Flowers in the Attic and Petals on the Wind

May 29, 2014

Dear Reader,

So many flower metaphors. Lifetime is famous for producing terrible movies filled with terrible acting that just make you want to cuddle up under a blanket with some popcorn and watch for hours. Why is that? When did we develop a taste for crap telly, as the Brits would say? Life is short. Shouldn’t we want to listen to as much Mozart and Ingrid Michaelson as possible instead of playing Timber for the tenth time in a row? And likewise shouldn’t we be rewatching Return of the King or Sherlock for the hundredth time instead of bingeing all day on Lifetime movies and Jersey Shore reruns? And yet here I am telling you about one of my new favorite things. And its a series of Lifetime movies. This series is beyond a doubt  some of the worst acting, writing, directing etc. ever committed to everlasting infamy. From the book series by V.C. Andrews comes Lifetime’s adaptation of the incest-riddled, arsenic doughnut laden classic Flowers in the Attic and its sequel, Petals on the Wind.
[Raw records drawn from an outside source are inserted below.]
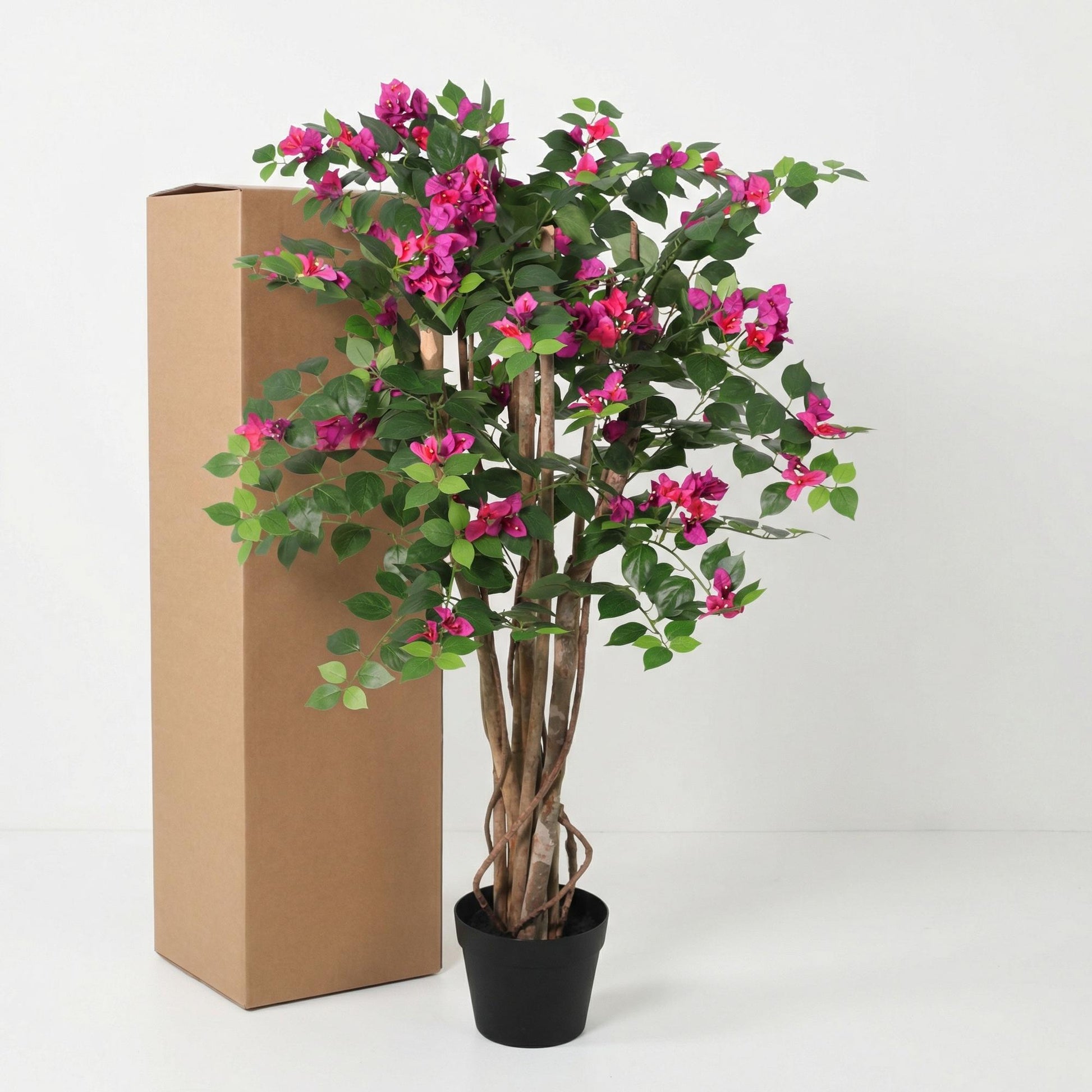 ARTIFICIAL Bougainville - 120cm 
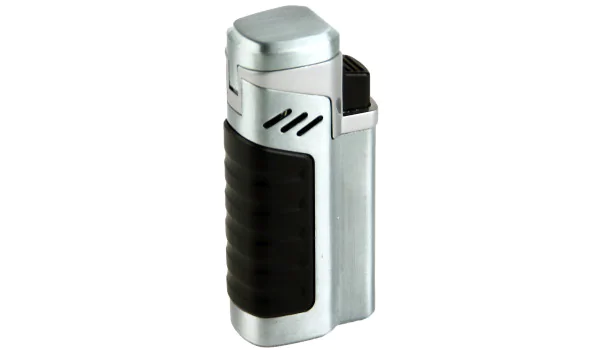 Sky 4-burner Jet Lighter, kromi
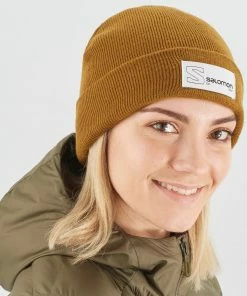 Salomon Kenya OUTLIFE LOGO BEANIE MEN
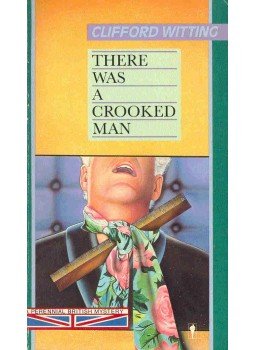 WITTING, CLIFFORD - There was a Crooked Man, null 1986 antikvár könyv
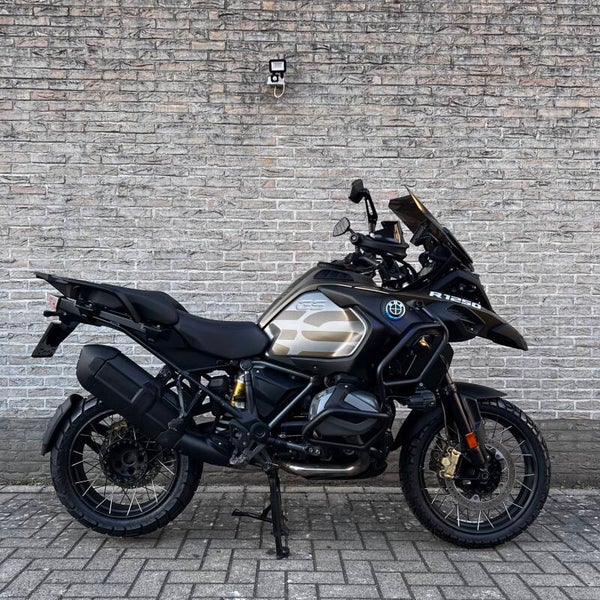 BMW R1250GS Adventure Kalamata Exclusive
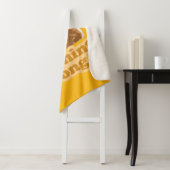 Caddyshack | Varmint Cong Sherpa Deken (In situ)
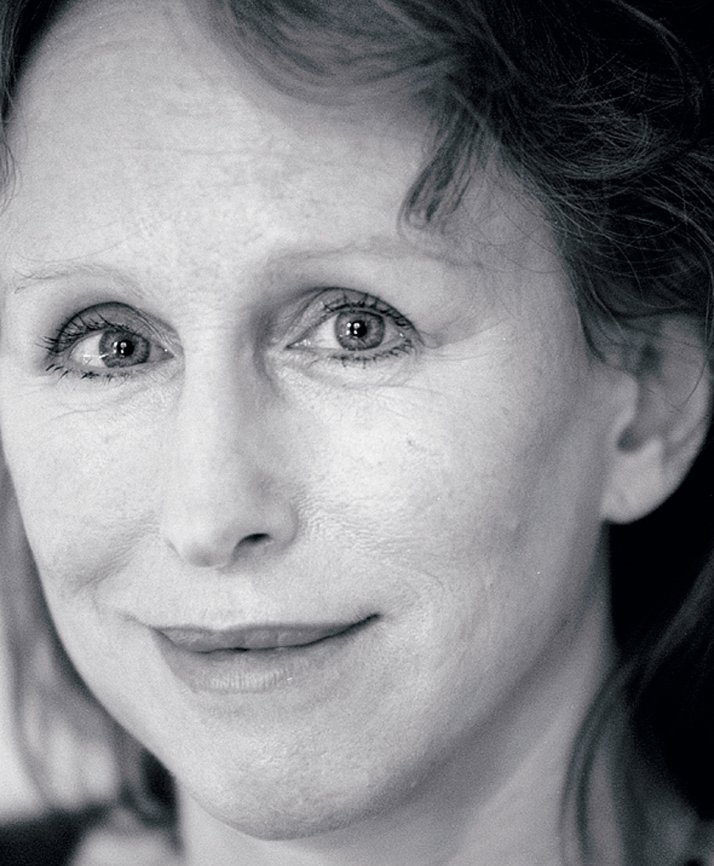 Portret: Margriet De Moor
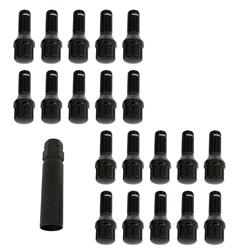 Gorilla Lug Bolts K5BS-12150X27BGR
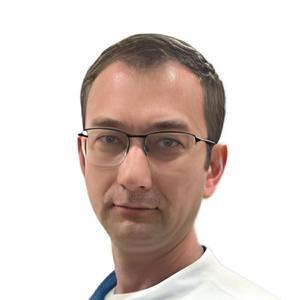 Рафиков Равиль Зуфарович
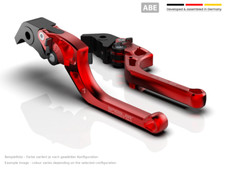 Tusker Set de Leviers Yamaha XS 650 (1U3) 1977 - 1984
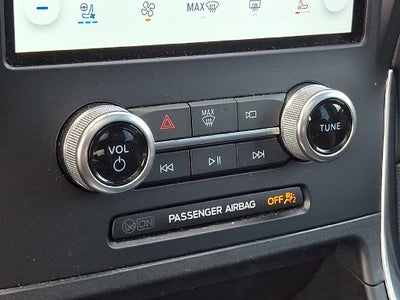 2024 Ford Edge ST
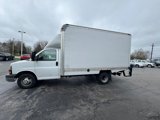 Used 2013 Chevrolet Express 3500 Extended image 5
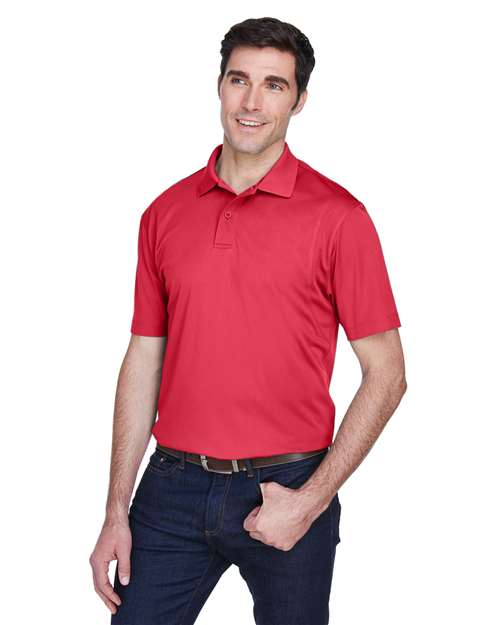 Men's Micro Piqué Polo - Image 19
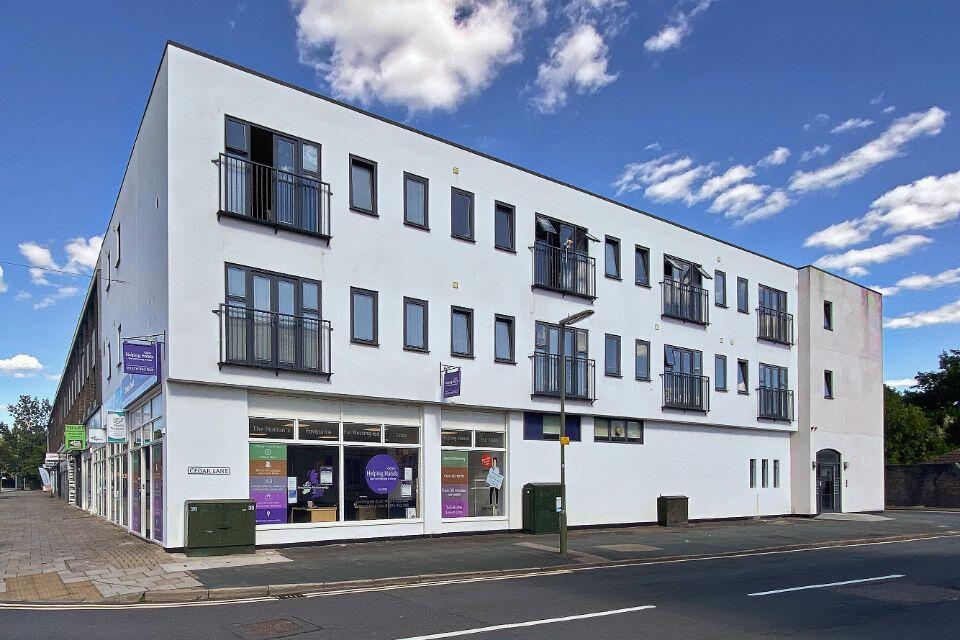 Main image of property: Cedar House, Cedar Lane, Camberley, GU16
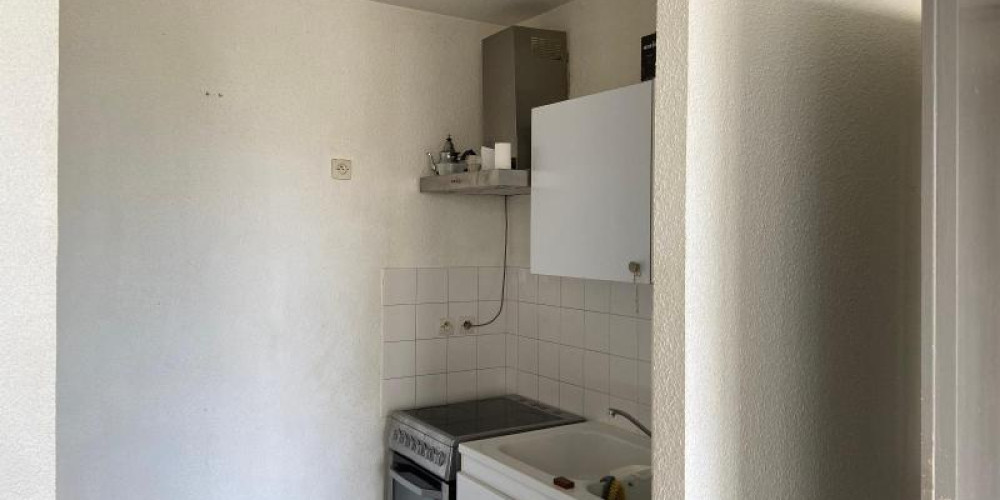 appartement à BORDEAUX (33800)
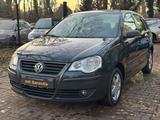 Volkswagen Polo 1.2 United Tüv/Service NEU Klima Alufelgen - VW Polo Gebrauchtwagen Alufelgen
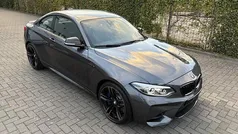 Gebruikt 2018 BMW M2 Coupé | € 44.500 (Super prijs)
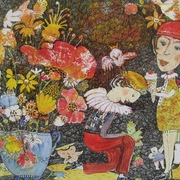 The_well_mannered_fairy_prince_card
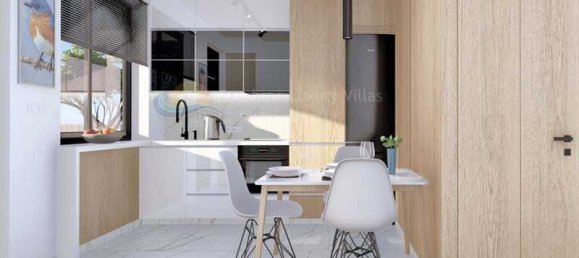 3 bedrooms Villa in Chloraka, Cyprus No. 15419 4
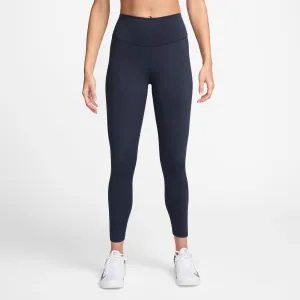 One Women's High-Waisted 7/8 Leggings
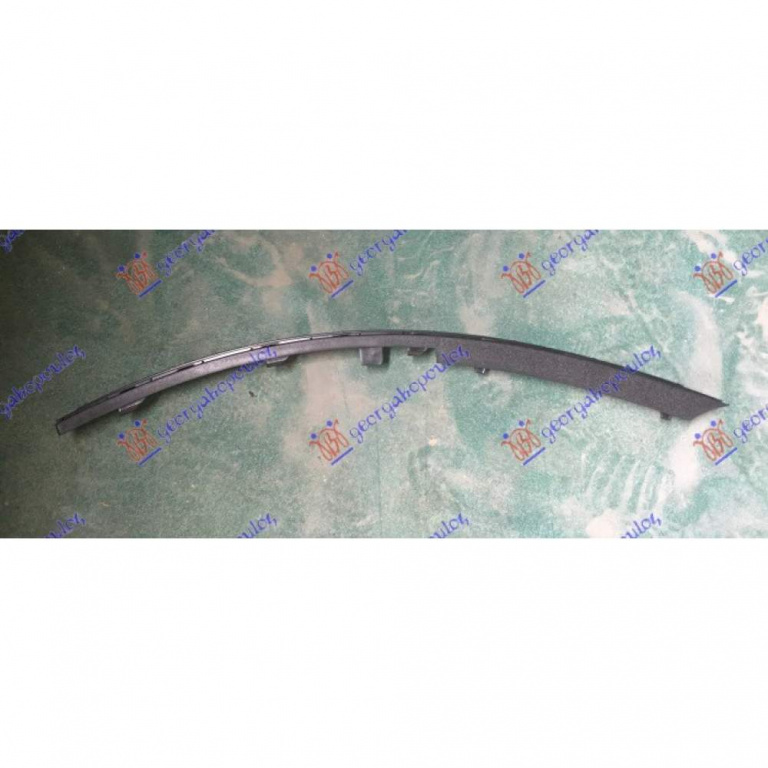 Grila Bara Fata - Audi A6 2008 , 4f080749001c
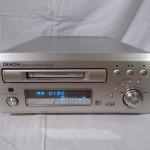 DENON DMD-M30 MD recorder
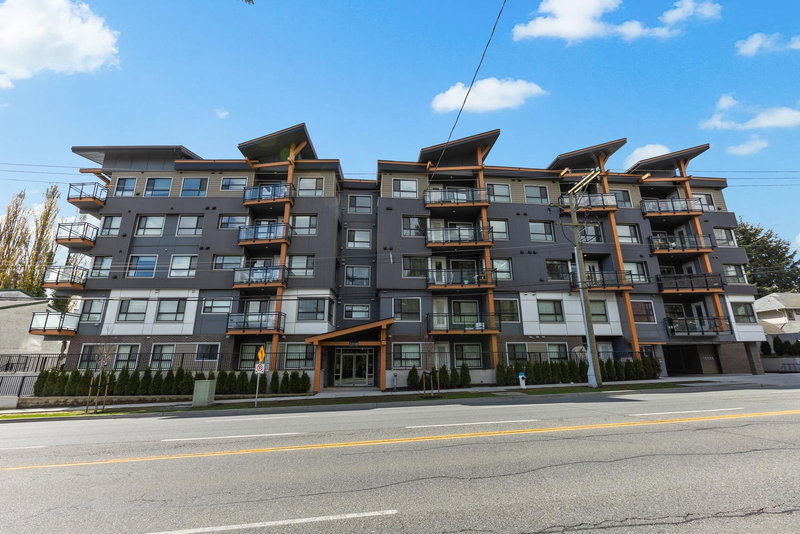 305 - 33568 George Ferguson Way, Abbotsford, V2S 0M3 | Image 2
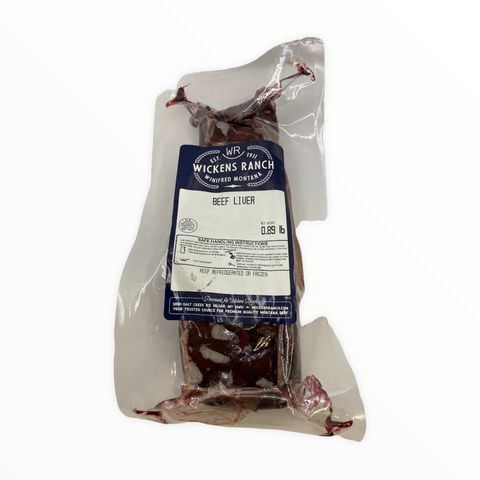 Beef Liver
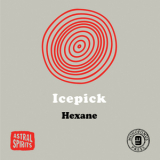 Icepick - Hexane '2014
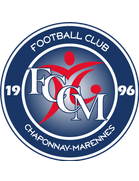 FC Chaponnay Marennes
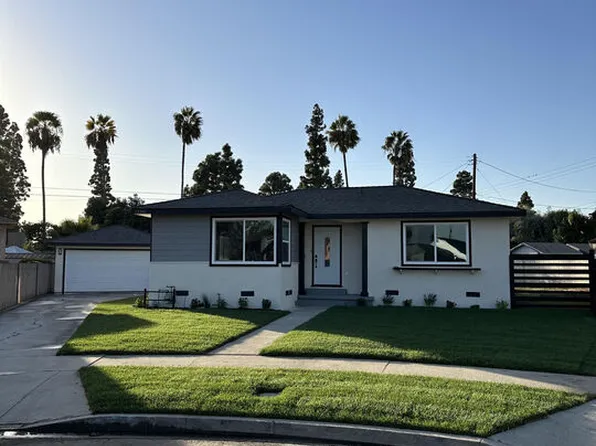 12201 Defiance Ave, Los Angeles, CA 90059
In case you have missed this epic, Petals on the Wind just premiered a mere four or so months after the first movie, giving you around that long to get caught up before another one likely comes down the pipeline. The movies tell the story of the Dollanganger family. This is pronounced “dollyganger,” in case you were wondering. Mother Corinne and her hubby begin the movie in love, seemingly well-off, and as beautiful and blonde as their four children. The father dies suddenly and all is revealed. They are a family in debt and must run off to Corinne’s mother’s family estate to live. Here the audience learns that the family has disowned Corrine for marrying her half-uncle. Grandma locks the kids in the attic, beats them, and stands by and watches as they are poisoned.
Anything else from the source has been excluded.